Liberal Media Attacks 'Won't Back Down,' Questions Film's Funding

Death. Taxes. Media hit pieces on right-leaning films.

The press did its darndest to ignore “2016: Obama’s America,” a scathing but mannered critique of President Barack Obama’s formative influences. In the case of “Won’t Back Down,” the new pro-school choice feature opening Friday, reporters are taking a different approach.

Attack, and then question the folks who wrote the checks to make the movie happen.

Salon.com’s film critic Andrew O’Hehir calls “Won’t Back Down” “a set of right-wing anti-union talking points disguised (with very limited success) as a mainstream motion-picture-type product.”

Perhaps that was a mistake, because the big picture is that the movie is unbelievable crap and the whole project was financed by conservative Christian billionaire Phil Anschutz, also the moneybags behind the documentary “Waiting for ‘Superman,'” which handled a similar agenda in subtler fashion.

The wonderfully non-partisan NPR offered its own critique of the film, dropping the dread “P” word as well as also mentioning the funding source.

For all its strenuous feints at fair play, though,Won’t Back Down is something less honorable — a propaganda piece with blame on its mind. Directed with reasonable competence by Daniel Barnz from a speechifying screenplay he co-wrote with Brin Hill, the movie is funded by Walden Media, a company owned by conservative mogul Philip Anschutz, who advocates creationist curricula in schools. Walden also co-produced the controversial pro-charter school documentary Waiting for Superman, so the outfit is not without axes to grind.

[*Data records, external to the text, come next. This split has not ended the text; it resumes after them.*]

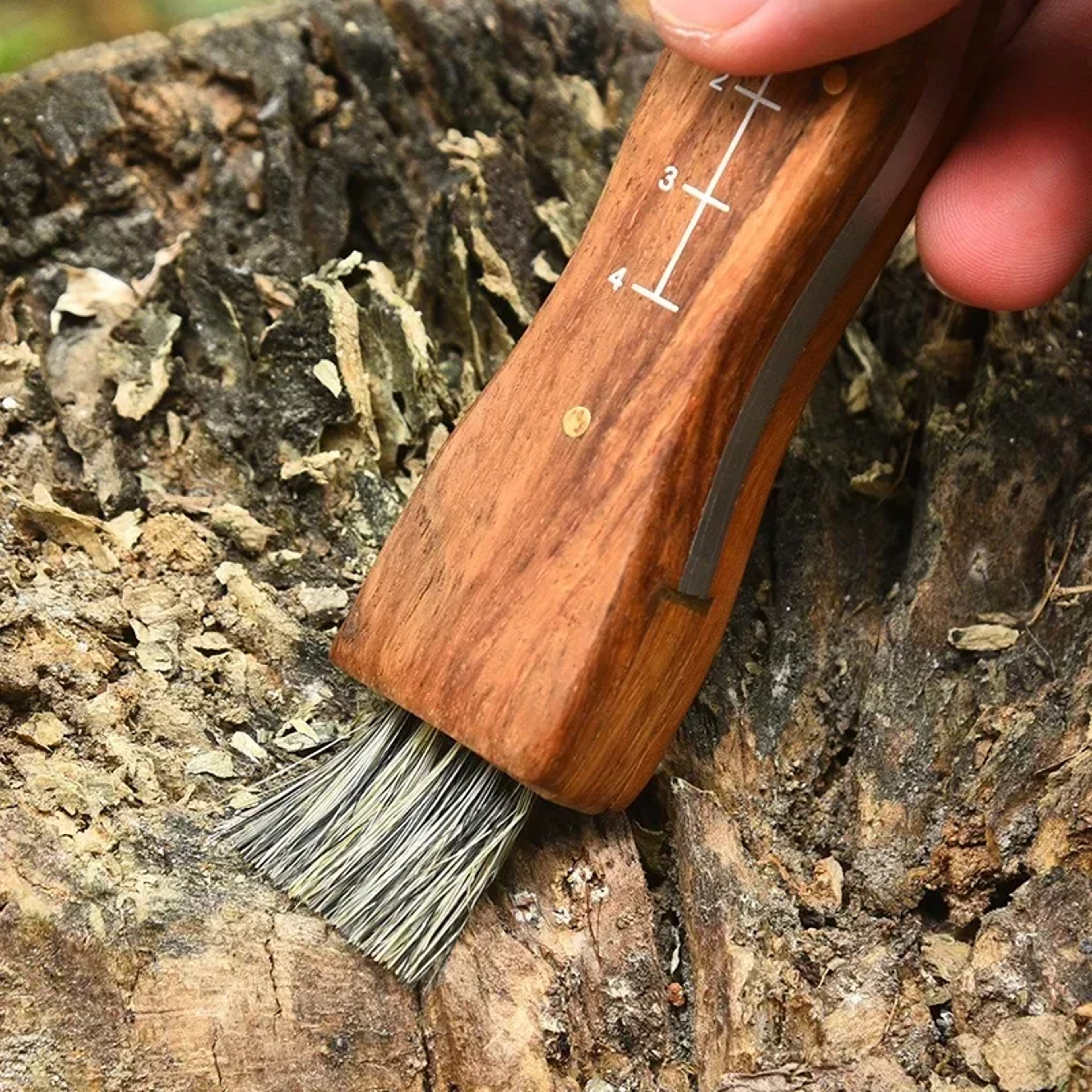 Premium Outdoor Stainless Steel Folding Knife Mini Mushroom, Hunting & Survival – view 4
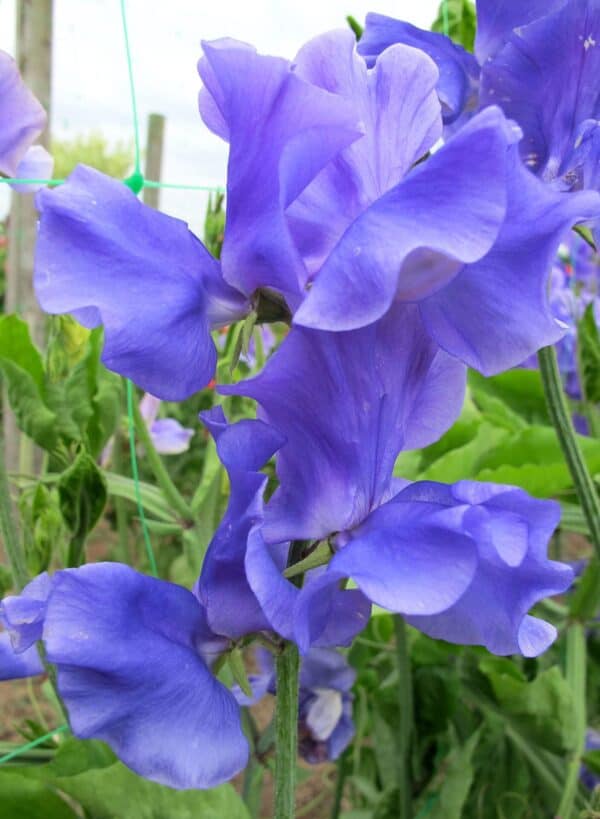 Siererwt Lathyrus Odoratus Royal Blue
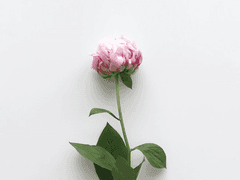 [GL] 기억조작 00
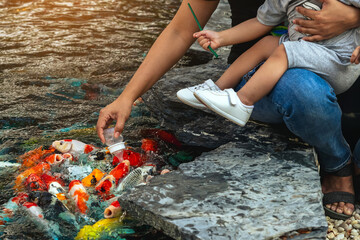 Hands of young woman and her child holding together with milk bottle feeding school of Japanese carp fish. Family sitting on waterfront and feeding many fancy Koi carp swimming in japanese style pond.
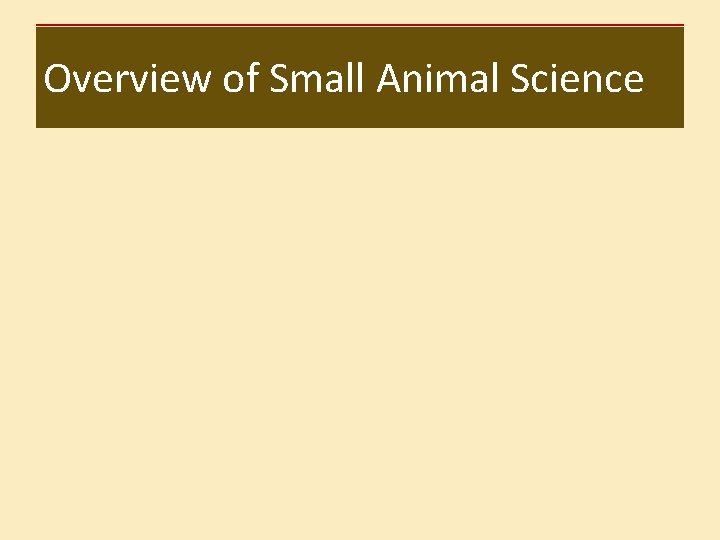 Overview of Small Animal Science 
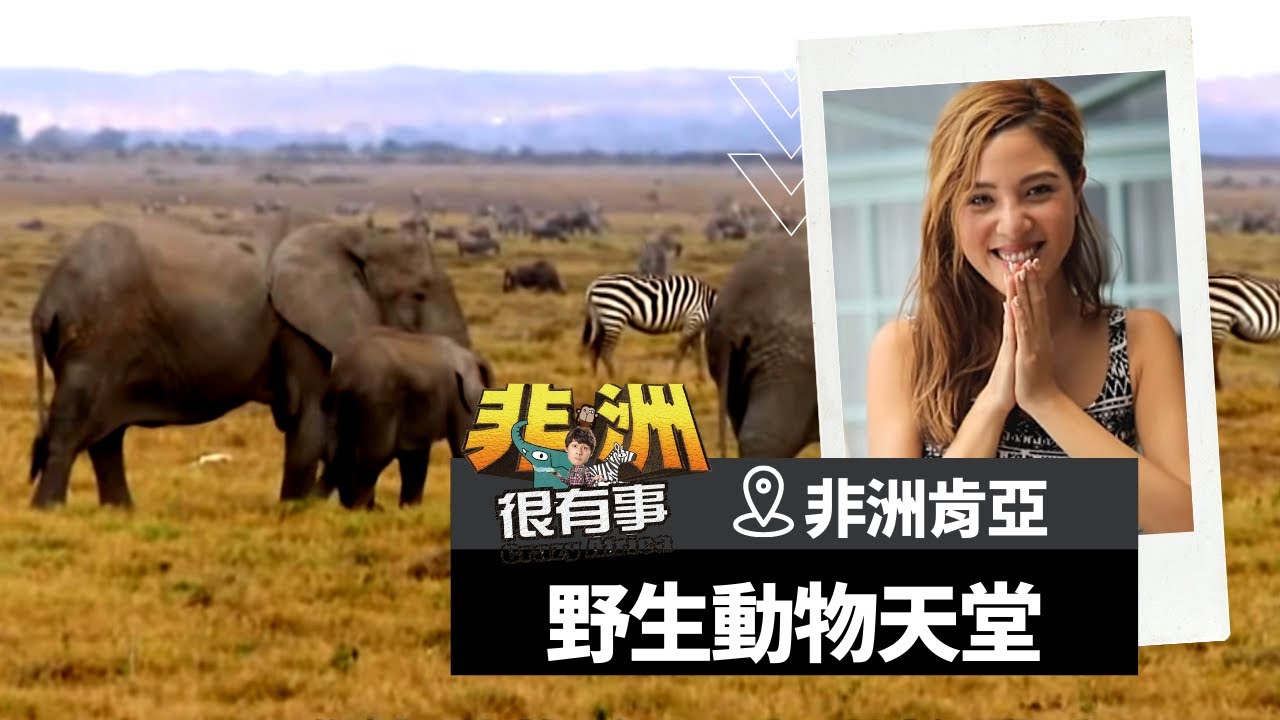 非洲肯亞 等待大象排排站過馬路 超妙體驗的野生動物天堂安博塞利公園 廖科溢 我的非洲很有事 S1 Ep4 亞洲旅遊台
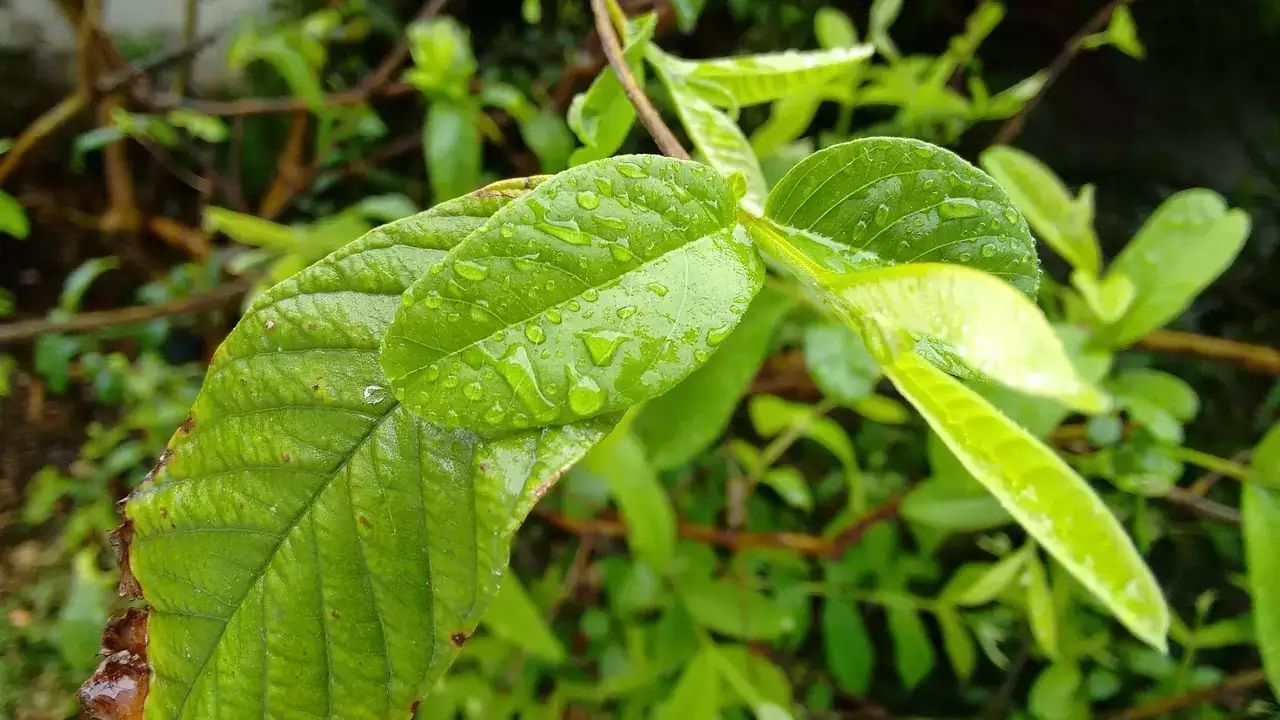 পেয়ারা ওজন কমাতে সাহায্য করে। তা যুগ যুগ ধরেই মানুষ জেনে এসেছে। কিন্তু এর পাতাও যে শরীরের ফ্যাট গলাতে পারে, তা জানতেন কি? এতে প্রচুর পরিমানে ফাইবার রয়েছে।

Do media outlets ever break down – and isolate – the backers behind “Gasland?” Or “Fahrenheit 9/11?’ Or any liberal-leaning project, for that matter? What about liberal TV shows like “The Newsroom?” Or comedy programs which carry the Left’s water like “Saturday Night Live?”

“Won’t Back Down,” like “Waiting for ‘Superman'” before it, actually shatters some ideological barriers. Both films were directed by Democrats who saw a broken educational system and wanted to address it. Too bad press outlets can’t put their ideological blinders aside to treat “Won’t Back Down” like any other movie with a message.